# Multi-Stage Residual Income

Hello,
Can some one explain what am I doing wrong in the question. I have written the equation to solve this question in the end:

Question: Castovan’s final assignment is to determine the intrinsic value of TTCI using both a single-stage and a multistage RI model. Selected data and assumptions for TTCI are presented in Exhibit 2.

Exhibit 2. Tantechi Ltd. (TTCI) Selected Financial Data and Assumptions

|Book value per share|€45.25|
|Market price per share|€126.05|
|Constant long-term ROE|12.00%|
|Constant long-term earnings growth rate|4.50%|
|Cost of equity|8.70%|

For the multistage model, Castovan forecasts TTCI’s ROE to be higher than its long-term ROE for the first three years. Forecasted earnings per share and dividends per share for TTCI are presented in Exhibit 3. Starting in Year 4, Castovan forecasts TTCI’s ROE to revert to the constant long-term ROE of 12% annually. The terminal value is based on an assumption that residual income per share will be constant from Year 3 into perpetuity.

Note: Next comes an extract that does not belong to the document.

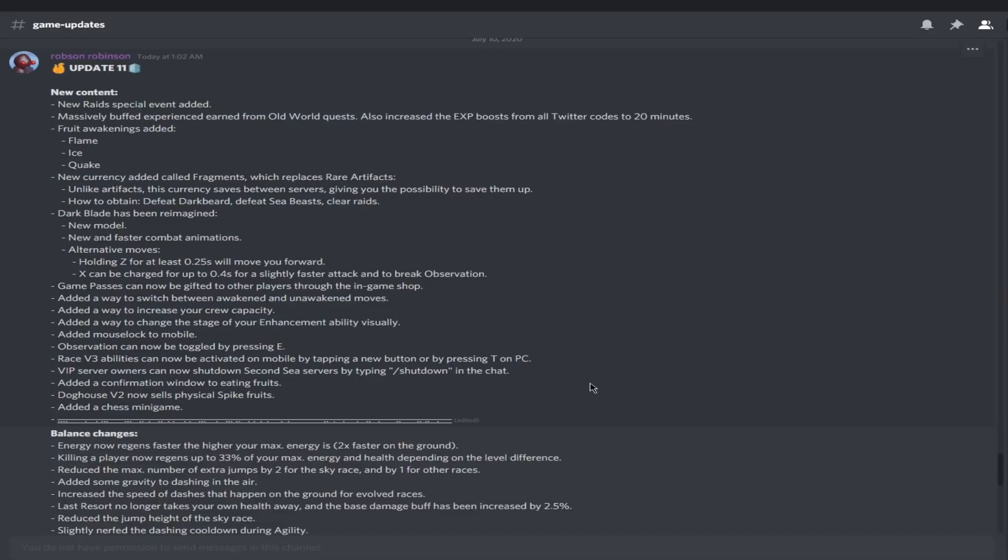Insane. It has something to do with fruit awakening and artifacts. Massively buffed experience from old world quests. Also increased the exp boost from all Twitter codes to 20 minutes. Cool. Twitter codes, basically old world people are going to be able to level up much faster.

Exhibit 3. Tantechi Ltd. (TTCI) Forecasts of Earnings and Dividends

                  ||**Year 1**|**Year 2**|**Year 3**|


|Earnings per share (€)|7.82|8.17|8.54|
|Dividends per share (€)|1.46|1.53|1.59|

Beckworth questions Castovan’s assumption regarding the implied persistence factor used in the multistage RI valuation. She tells Castovan that she believes that a persistence factor of 0.10 is appropriate for TTCI.

Question:

Based on Exhibits 2 and 3 and the multistage RI model, Castovan should estimate the intrinsic value of TTCI to be closest to:

1. €54.88.

2. €83.01.

3. €85.71.

Answer: I got Book Value as B0 = 45.25 , B1 = 51.61 B2 = 58.25 and B3 = 65.2

Then I did

Bo + Σ (EPS – rBt)/(1+r) + (ROE- r)Bt4/r*(1+r)^4… assumed w(persistence as 1)

=45.25 +3.57 +3.11+2.7 + (0.12-0.087)65.2/(1.087)^4(0.087)

What am I doing wrong??

CFAI book EOC question 33 pg 541.

Your residual income from Year 1 to 3 is wrong (however, your computed book values are correct).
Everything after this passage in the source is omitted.